Instructions for the task. Give again, character for character, the lines that lie between the first line of the material and the line with "アクアガレージ aquagarage センターシームワイドパンツ", inclusive. Omit pictures.

Data listing.
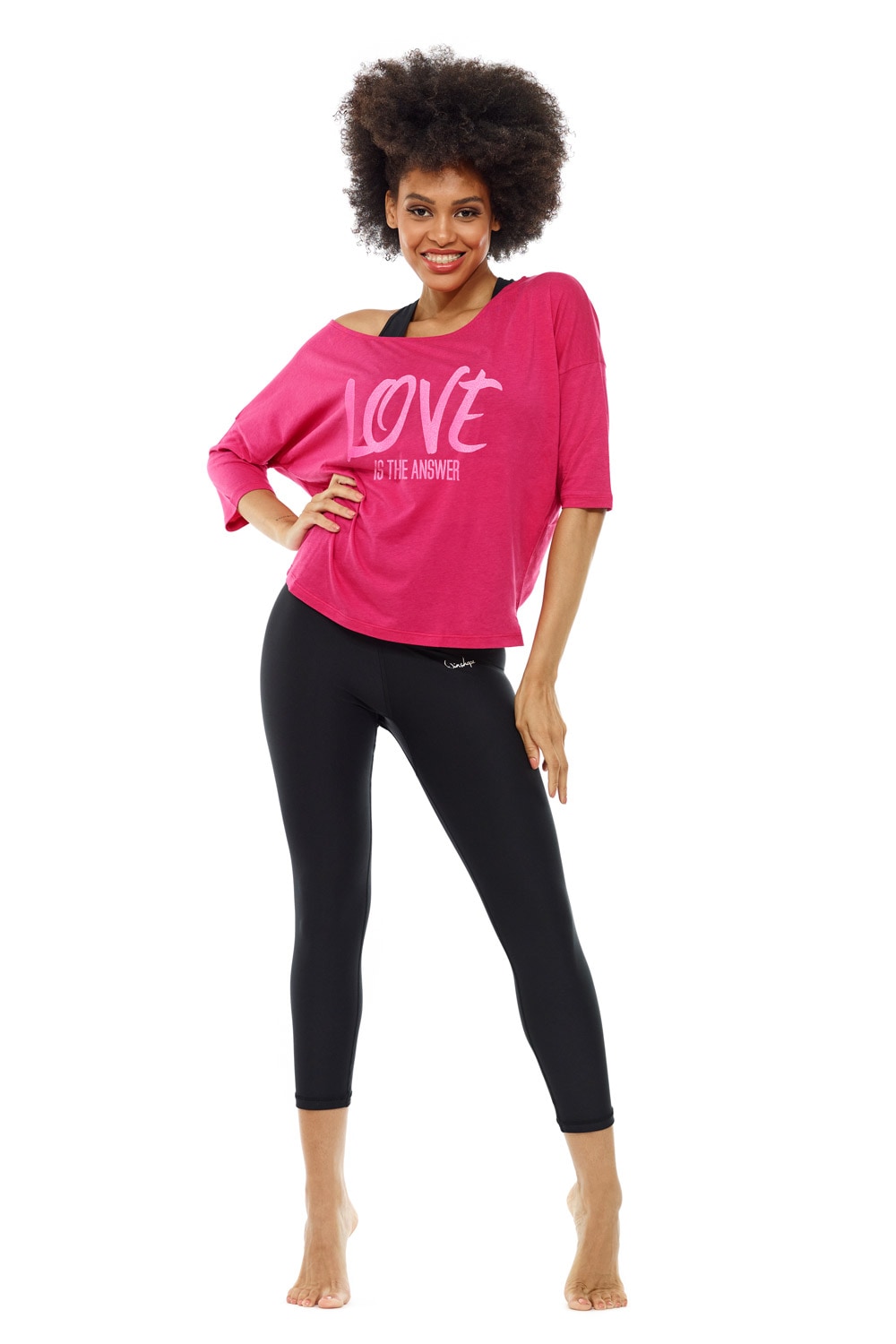 Winshape 3/4-Arm-Shirt »MCS001 pinkem mit neon bei ultra ♕ leicht«, Glitzer-Aufdruck
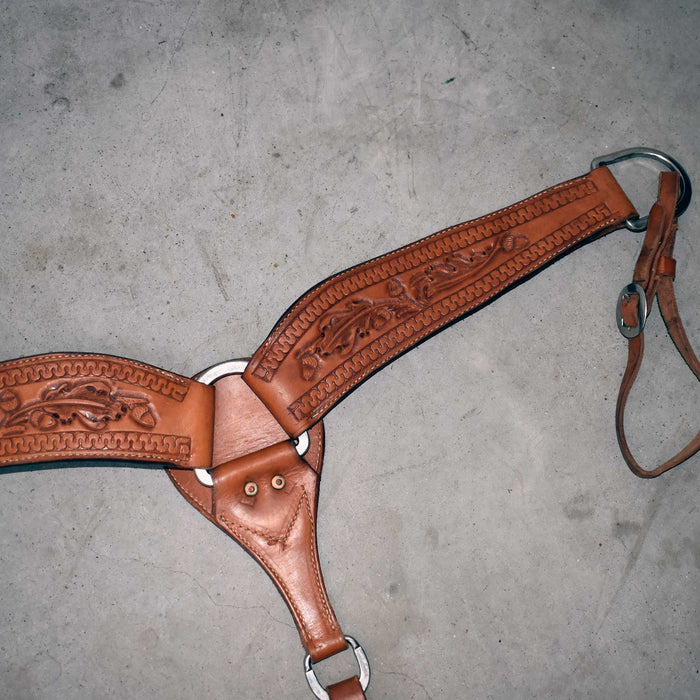 Used Floral Acorn Tooled Breast Collar Sale Barn misc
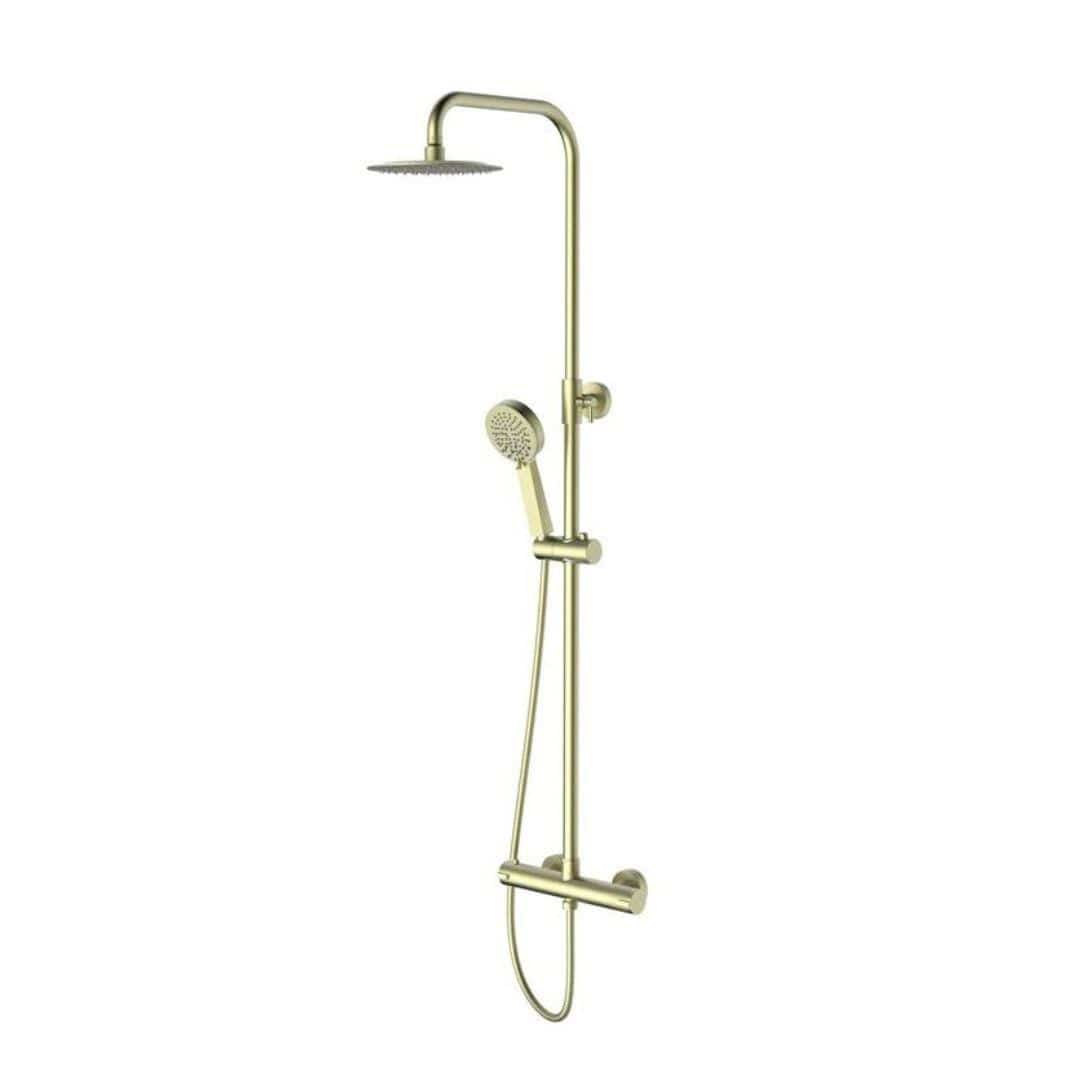 Aquarius Bathrooms Exposed Shower Set Brushed Brass Aquarius RainLux Eco Round Adjustable Exposed Bar Shower System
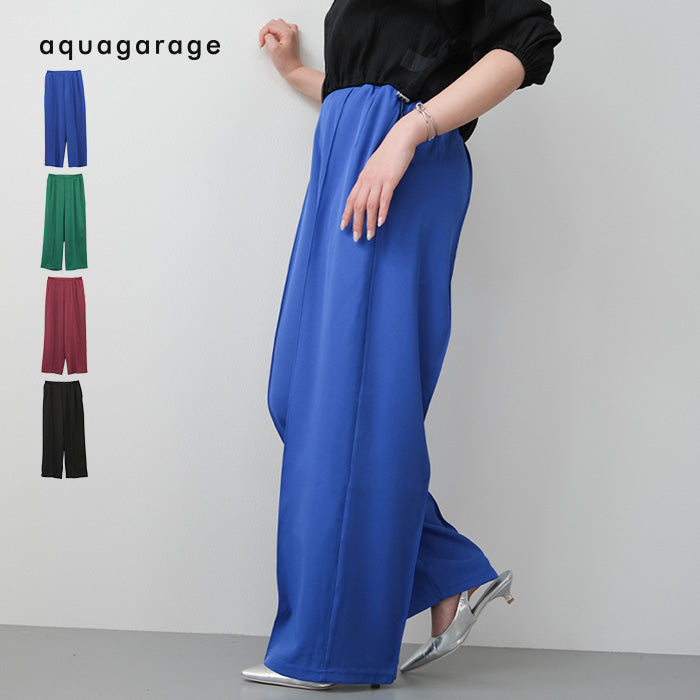 アクアガレージ aquagarage センターシームワイドパンツ レディース 春 夏 秋 M （ブラック） ブラック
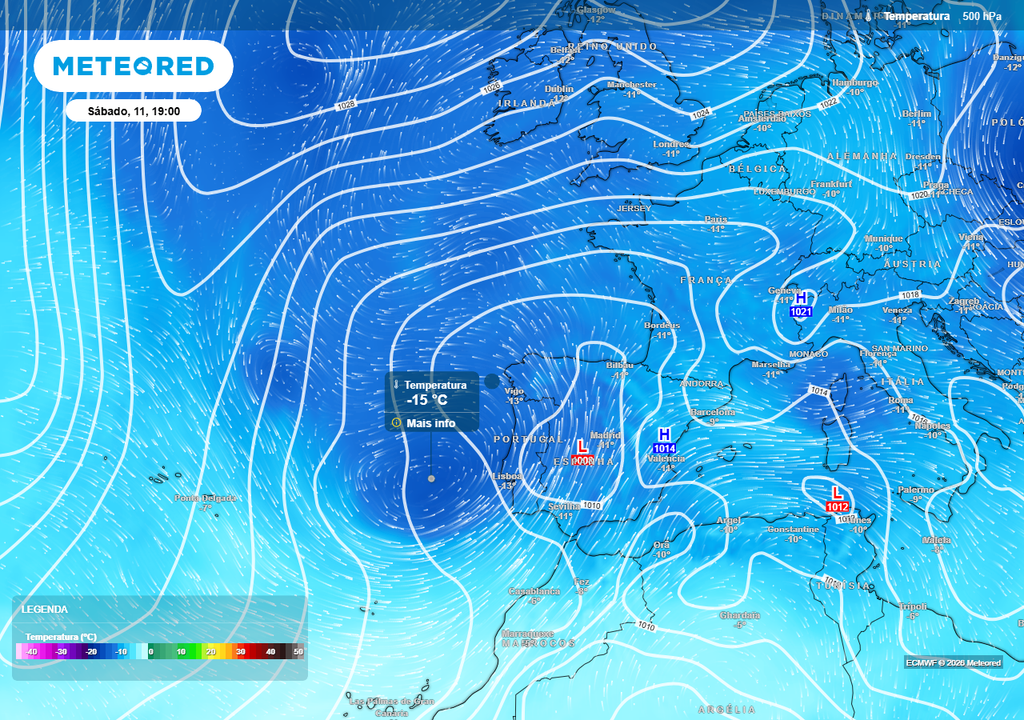 Neste mapa de previsão da temperatura a 500 hPa para sábado, 11 de julho, observa-se uma depressão isolada em altitude, também conhecida por gota fria, perfeitamente formada a oeste da Península Ibérica.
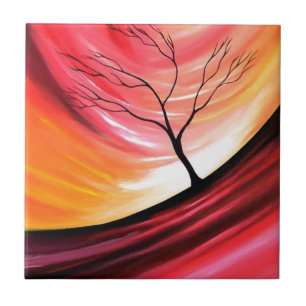 Azulejo De Cerâmica Abstrato Tree - Arte Moderna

Response to the exercise.
 Winshape 3/4-Arm-Shirt »MCS001 pinkem mit neon bei ultra ♕ leicht«, Glitzer-Aufdruck
 Used Floral Acorn Tooled Breast Collar Sale Barn misc
 Aquarius Bathrooms Exposed Shower Set Brushed Brass Aquarius RainLux Eco Round Adjustable Exposed Bar Shower System
 アクアガレージ aquagarage センターシームワイドパンツ レディース 春 夏 秋 M （ブラック） ブラック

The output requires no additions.